When I started writing The Machine, it was based on a writing prompt within a Steampunk writers forum. Ergo, the setting was supposed to be 'Steampunk'. I'd heard of the genre but wasn't overly familiar with it. In my research as the book and series grew I found all sorts of references to guide the uninitiated. What surprised me most is how Draconian some of the "rules" seem to be as to what is and what is not steampunk. It started to make me worry, if I've written a book that will fit into a certain genre, what will happen if it doesn't tick all of the boxes? Will people reject it, or write shitty reviews because of it? It takes a certain level of balls to stand up to these worries and say 'fuck it', but really that is the only thing you can do.
Whilst these concerns still skulk into my subconscious at times, I have to tell myself over and over that it doesn't matter. If someone has a preconceived notion of what a certain genre book should contain and is unable to accept anything that differentiates from their expectation, that is not the writers problem.

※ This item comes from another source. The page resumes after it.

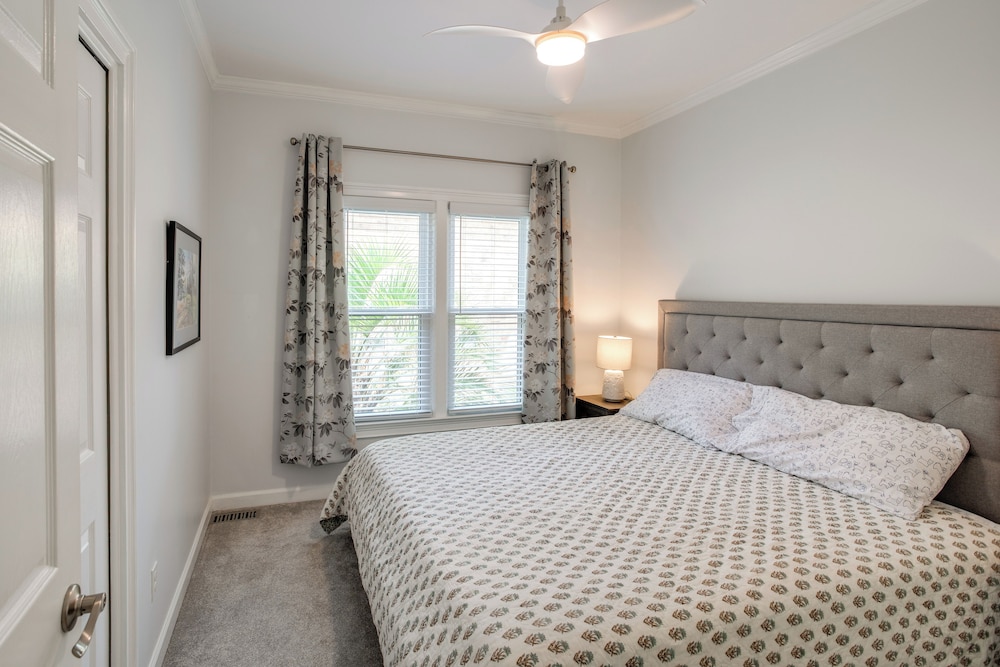 4 Mi to Lake Murray: Pet-friendly Home w/ Pool!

The story is what it is. If the writer spends too much time trying to add elements to a story that make it fit into an ideal box, then they are at risk of diluting the story for the sake of an aesthetic.

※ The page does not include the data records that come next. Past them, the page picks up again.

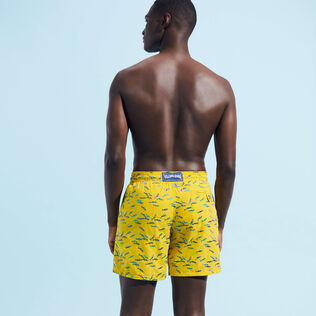 Pantaloncini mare uomo ricamati Gulf Stream - Edizione limitata Sunflower vista indossata posteriore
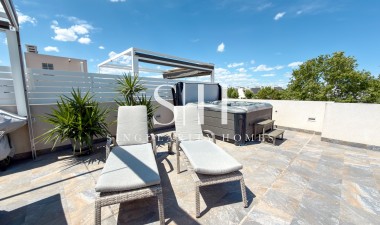 Resale - Apartment / flat - Torrevieja - Aguas Nuevas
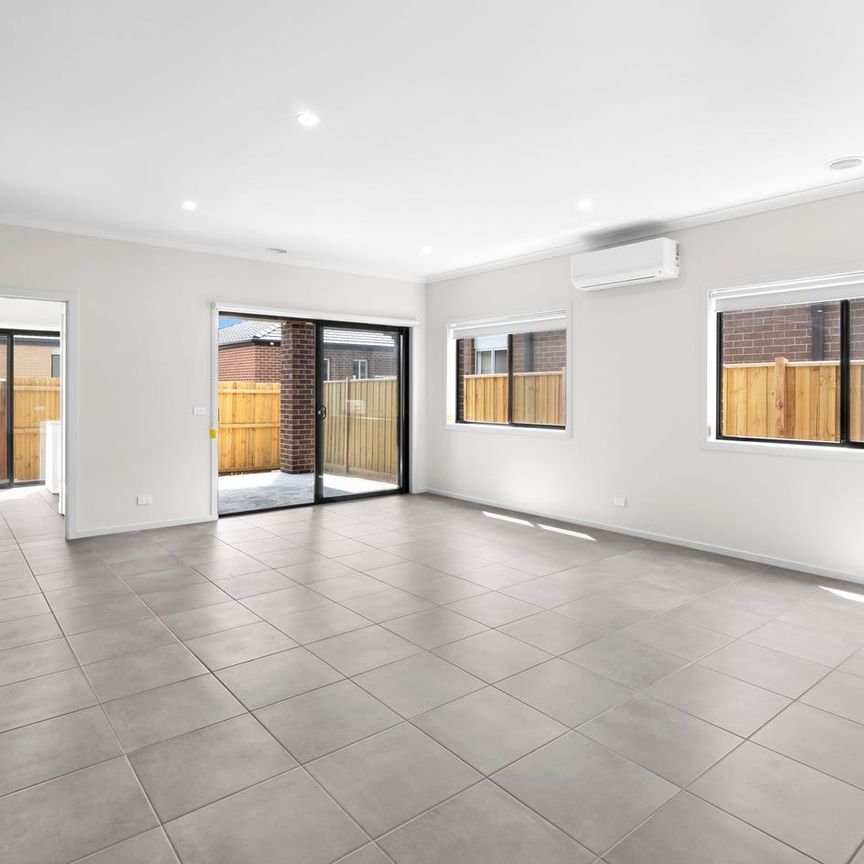 Modern Comfort & Exceptional Value in a Family Home! - Photo 1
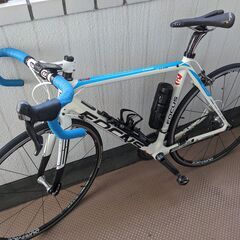 ロードバイク　FOCUS CAYO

So what if your horror story doesn't include vampires and werewolves. So what if your romance story involves LGBT characters instead of the 'traditional' type. So what if you don't fit perfectly into that little box someone else has built. Fuck them. Build a new box. Be brave, dare to be different and screw the naysayers.
My soon-to-be-published book, The Machine, is a fantasy/adventure/action/mystery/romance story set in a steampunk world. It ticks a lot of boxes but none of them with a perfectly centered tick, more-like a childish squiggle that doesn't stay inside the lines of the box. And I'm perfectly fine with it that way.